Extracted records
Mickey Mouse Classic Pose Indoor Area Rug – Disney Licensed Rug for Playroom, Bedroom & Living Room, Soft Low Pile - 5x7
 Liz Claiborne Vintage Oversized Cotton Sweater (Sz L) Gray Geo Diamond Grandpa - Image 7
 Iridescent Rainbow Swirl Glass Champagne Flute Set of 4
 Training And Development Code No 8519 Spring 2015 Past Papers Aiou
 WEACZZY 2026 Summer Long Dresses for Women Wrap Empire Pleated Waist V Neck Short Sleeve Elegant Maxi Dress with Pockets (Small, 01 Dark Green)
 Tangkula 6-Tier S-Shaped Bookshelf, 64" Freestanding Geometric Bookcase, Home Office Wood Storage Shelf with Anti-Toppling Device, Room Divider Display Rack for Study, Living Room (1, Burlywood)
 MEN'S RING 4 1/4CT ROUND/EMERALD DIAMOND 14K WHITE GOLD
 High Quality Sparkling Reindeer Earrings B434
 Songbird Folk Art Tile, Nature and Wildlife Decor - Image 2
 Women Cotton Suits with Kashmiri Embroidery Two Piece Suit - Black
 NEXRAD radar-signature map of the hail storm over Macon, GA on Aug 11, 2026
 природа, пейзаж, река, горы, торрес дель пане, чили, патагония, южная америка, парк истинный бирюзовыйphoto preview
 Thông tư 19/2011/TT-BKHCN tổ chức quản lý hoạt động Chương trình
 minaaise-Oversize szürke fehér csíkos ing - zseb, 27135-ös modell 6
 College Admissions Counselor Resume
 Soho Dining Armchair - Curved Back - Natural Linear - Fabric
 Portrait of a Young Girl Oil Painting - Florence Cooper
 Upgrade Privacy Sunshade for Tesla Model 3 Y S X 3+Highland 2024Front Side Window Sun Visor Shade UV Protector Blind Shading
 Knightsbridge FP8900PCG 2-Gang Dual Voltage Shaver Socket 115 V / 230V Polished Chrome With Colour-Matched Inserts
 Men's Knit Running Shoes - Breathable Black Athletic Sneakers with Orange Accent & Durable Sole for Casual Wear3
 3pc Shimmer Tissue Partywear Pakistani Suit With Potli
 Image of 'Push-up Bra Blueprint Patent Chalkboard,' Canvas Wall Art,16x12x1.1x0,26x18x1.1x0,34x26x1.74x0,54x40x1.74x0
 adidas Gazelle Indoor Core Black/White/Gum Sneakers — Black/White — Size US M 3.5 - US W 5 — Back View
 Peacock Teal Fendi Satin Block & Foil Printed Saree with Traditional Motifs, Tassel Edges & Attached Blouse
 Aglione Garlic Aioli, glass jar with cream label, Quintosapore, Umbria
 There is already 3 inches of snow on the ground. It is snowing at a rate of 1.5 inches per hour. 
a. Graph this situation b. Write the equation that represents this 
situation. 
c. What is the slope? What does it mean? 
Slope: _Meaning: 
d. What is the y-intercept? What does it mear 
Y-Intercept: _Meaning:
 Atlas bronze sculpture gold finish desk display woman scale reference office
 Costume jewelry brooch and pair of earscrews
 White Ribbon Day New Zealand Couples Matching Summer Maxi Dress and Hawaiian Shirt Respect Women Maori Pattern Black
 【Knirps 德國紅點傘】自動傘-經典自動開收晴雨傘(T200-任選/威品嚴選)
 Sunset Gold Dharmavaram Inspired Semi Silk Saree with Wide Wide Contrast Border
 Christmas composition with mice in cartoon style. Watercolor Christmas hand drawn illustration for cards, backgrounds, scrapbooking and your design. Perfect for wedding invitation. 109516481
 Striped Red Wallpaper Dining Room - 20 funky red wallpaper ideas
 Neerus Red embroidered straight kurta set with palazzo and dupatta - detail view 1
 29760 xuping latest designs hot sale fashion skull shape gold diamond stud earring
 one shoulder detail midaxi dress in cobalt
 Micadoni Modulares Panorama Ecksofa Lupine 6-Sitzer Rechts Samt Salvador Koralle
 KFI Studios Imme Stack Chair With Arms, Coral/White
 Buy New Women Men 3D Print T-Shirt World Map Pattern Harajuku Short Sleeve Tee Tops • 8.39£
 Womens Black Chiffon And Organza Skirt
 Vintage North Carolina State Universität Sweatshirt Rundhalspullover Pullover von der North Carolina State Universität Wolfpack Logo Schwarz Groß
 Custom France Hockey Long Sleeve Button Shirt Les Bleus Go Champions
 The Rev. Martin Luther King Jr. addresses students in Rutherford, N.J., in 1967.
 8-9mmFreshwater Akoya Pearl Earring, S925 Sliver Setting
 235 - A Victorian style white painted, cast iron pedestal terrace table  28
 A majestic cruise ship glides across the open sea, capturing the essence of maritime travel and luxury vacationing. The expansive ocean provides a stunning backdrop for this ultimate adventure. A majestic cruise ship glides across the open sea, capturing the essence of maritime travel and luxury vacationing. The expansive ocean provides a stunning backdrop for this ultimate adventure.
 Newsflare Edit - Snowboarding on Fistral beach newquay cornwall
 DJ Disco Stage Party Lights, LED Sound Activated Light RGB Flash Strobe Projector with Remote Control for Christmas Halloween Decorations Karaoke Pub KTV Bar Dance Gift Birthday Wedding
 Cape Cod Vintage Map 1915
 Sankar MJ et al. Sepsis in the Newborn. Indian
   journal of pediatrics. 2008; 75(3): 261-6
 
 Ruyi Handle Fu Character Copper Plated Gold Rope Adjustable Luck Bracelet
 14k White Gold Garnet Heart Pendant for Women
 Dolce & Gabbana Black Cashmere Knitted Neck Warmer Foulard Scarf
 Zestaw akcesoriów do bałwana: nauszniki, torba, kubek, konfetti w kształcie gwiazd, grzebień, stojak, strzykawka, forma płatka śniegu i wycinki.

### Task to complete
Transcribe the lines above between the line holding "one shoulder detail midaxi dress in cobalt" and the line holding "Womens Black Chiffon And Organza Skirt", inclusive, exactly as they stand and with nothing added.

### Answer section
 one shoulder detail midaxi dress in cobalt
 Micadoni Modulares Panorama Ecksofa Lupine 6-Sitzer Rechts Samt Salvador Koralle
 KFI Studios Imme Stack Chair With Arms, Coral/White
 Buy New Women Men 3D Print T-Shirt World Map Pattern Harajuku Short Sleeve Tee Tops • 8.39£
 Womens Black Chiffon And Organza Skirt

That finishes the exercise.